Document number |
ISO/IEC/JTC1/SC22/WG21/P1178R0 |
Date |
2018-10-06 |
Reply-to |
Rene Rivera, grafikrobot@gmail.com |
Audience |
Tooling (SG15), Library Evolution |
1. Introduction
This proposes to add an interface for transforming C++ source into usable executable programs. As such it aims to provide a common definition of compiler frontend tool arguments and options for transforming source code to translation units and linking those into executable programs.
1.1. Background and Motivation
This proposal is based on the notion that it should be possible for a C++ user, both beginner and advanced, to easily transform their source to immediately executable form in a consistent method across compilers.
One aspect of this proposal is to make it possible for future C++ educators, and book authors, to provide complete usage examples that work for any particular tool they and their audience use. While this proposal does not prescribe a particular executable tool, it is trivial to write minimal tool that passes arguments directly to these interfaces. It is hoped that vendors would provide ready made compiler front ends for their tools accepting the standard arguments.
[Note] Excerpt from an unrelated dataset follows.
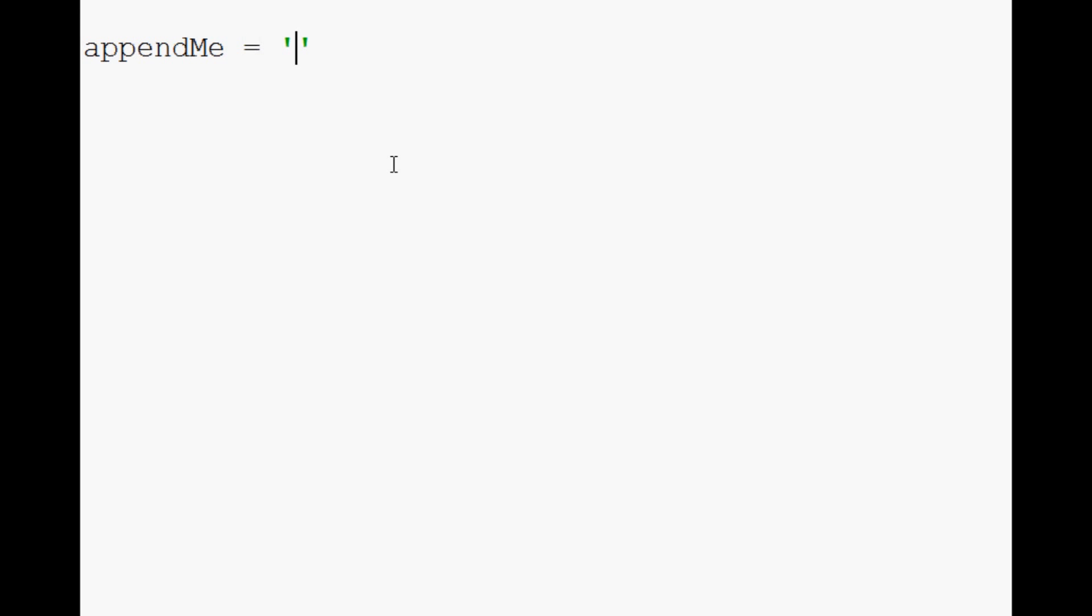So basically, let's do appendMe equals and we'll do backslash n for a new line because we want to make a new line. And then we'll say new bit of information.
It is also the intent for this proposal to be an initial step in the road towards standardizing the tooling around C++. With the goal of having a global and consistent tooling ecosystem to facilitate the introduction into C++ for anyone and to ease the interoperability of future tooling like package and dependency managers by having a single common set of options to base solutions on.
Additionally this facility could also support runtime compilation, for example for runtime generated source, and other compilation models where the particular execution platform is not known ahead of time.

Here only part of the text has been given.